Stable Diffusion XL (SDXL), the latest breakthrough in AI image generation from leading startup Stability AI, represents a major leap forward in creating astonishingly high-quality and creative artwork using natural language prompts.
The unveiling of this much-anticipated model comes on the heels of months of community engagement and testing, with the AI community's feedback playing a pivotal role in shaping the final product, now available on Github, DreamStudio, API, Clipdrop, and Amazon SageMaker JumpStart, and Amazon Bedrock.
The newly released SDXL 1.0 model sets a new high bar for AI art across metrics including overall image quality, freedom of expression, concept rendering, simplicity of prompting, and accuracy.
SDXL achieves superior photorealism, artistic style replication across genres, and handling of difficult concepts like hands and text. This enables prompting with just a few words to yield intricate, aesthetically pleasing images that accurately match the desired vision.
SDXL's enhancements stem from improvements to the CLIP model used alongside the Diffusion model. This strengthened ability to comprehend text means SDXL grasps nuanced distinctions, allowing more control directly from prompts without needing advanced techniques. Users can easily produce very specific creative visions without an imposed style.
The release fulfills Stability AI's goal of driving AI art technology forward through transparency and democratization. With models available through GitHub, APIs, apps, and cloud platforms, professionals and hobbyists alike can access SDXL's step change capabilities. Stability also plans additional features like controlnets to further unlock SDXL's potential.
Stability AI's alliance Amazon Web Services (AWS) has been instrumental in this endeavor. In 2022, Stability AI chose AWS as its preferred cloud provider, building its foundation models on Amazon SageMaker. With the April launch of Amazon Bedrock, Stability AI's Stable Diffusion was among the first foundation models to be made available.
"Model choice is paramount to maximize the value customers get from generative AI," said Swami Sivasubramanian, Vice President of Database, Analytics, and Machine Learning at AWS. "By expanding Amazon Bedrock's selection with the addition of Stability AI's SDXL 1.0 model, we're giving customers access to a state-of-the-art text-to-image model to build and scale exciting, new generative AI applications."
Some of the most exciting features of SDXL include:
- The highest quality text to image model: SDXL generates images considered to be best in overall quality and aesthetics across a variety of styles, concepts, and categories by blind testers. Compared to other leading models, SDXL shows a notable bump up in quality overall.

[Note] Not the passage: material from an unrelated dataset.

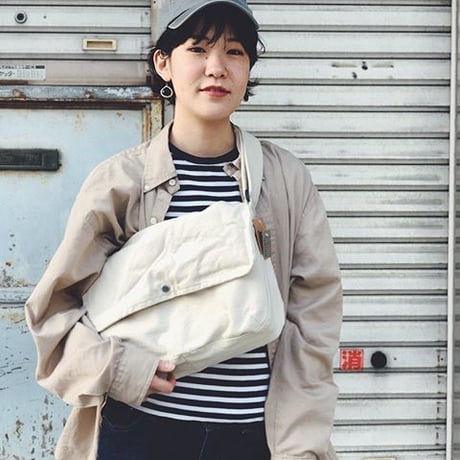 【新品】キャンバスボディバッグ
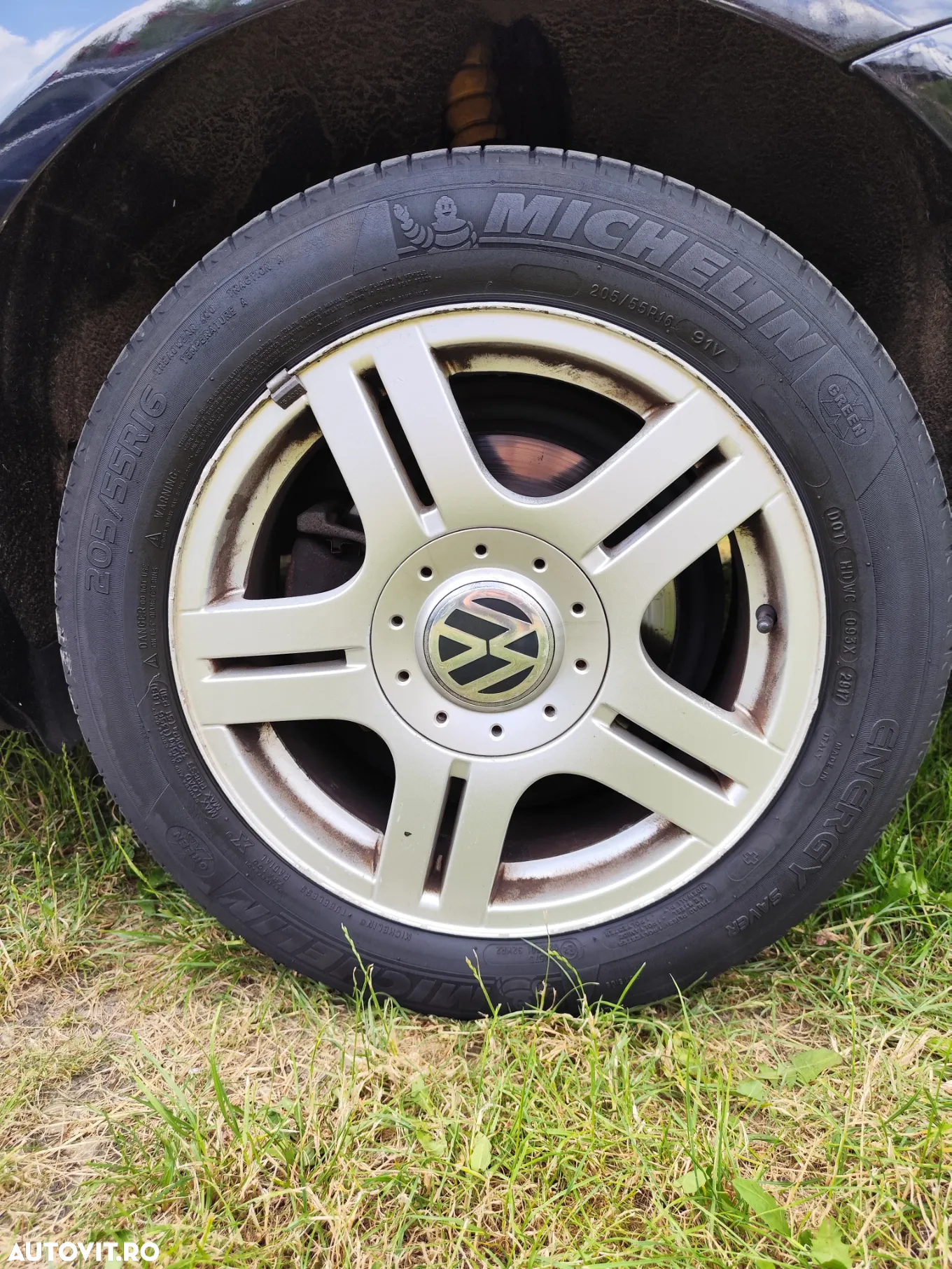 Volkswagen Passat - 23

- Freedom of expression: Best-in-class photorealism, as well as an ability to generate high quality art in virtually any art style. Distinct images are made without having any particular ‘feel’ that is imparted by the model, ensuring absolute freedom of style
- Enhanced intelligence: Best-in-class ability to generate concepts that are notoriously difficult for image models to render, such as hands and text, or spatially arranged objects and persons (e.g., a red box on top of a blue box) Simpler prompting: Unlike other generative image models, SDXL requires only a few words to create complex, detailed, and aesthetically pleasing images. No more need for paragraphs of qualifiers.
- More accurate: Prompting in SDXL is not only simple, but more true to the intention of prompts. SDXL’s improved CLIP model understands text so effectively that concepts like “The Red Square” are understood to be different from ‘a red square’. This accuracy allows much more to be done to get the perfect image directly from text, even before using the more advanced features or fine-tuning that Stable Diffusion is famous for.

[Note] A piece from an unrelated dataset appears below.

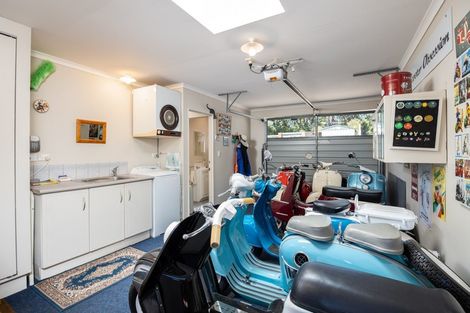 Photo of property in 130 Frankley Road, Frankleigh Park, New Plymouth, 4310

- All of the flexibility of Stable Diffusion: SDXL is primed for complex image design workflows that include generation for text or base image, inpainting (with masks), outpainting, and more. SDXL can also be fine-tuned for concepts and used with controlnets. Some of these features will be forthcoming releases from Stability.
Today's announcement follows a series of corporate milestones at Stability AI, including the launch of its new developer platform site and the release of Stable Doodle, a sketch-to-image tool that generated more than 3 million images in the week following its release.
While ethical concerns remain about AI art, Stability hopes community-oriented development will lead to responsible progress. With SDXL, Stability AI has achieved an impressive balancing act - an accessible yet extraordinarily capable model, and an open yet guided approach. Their community and engineering execution prowess has yielded another AI milestone. The path ahead looks bright for continued enhancement of what humans and AIs can create together.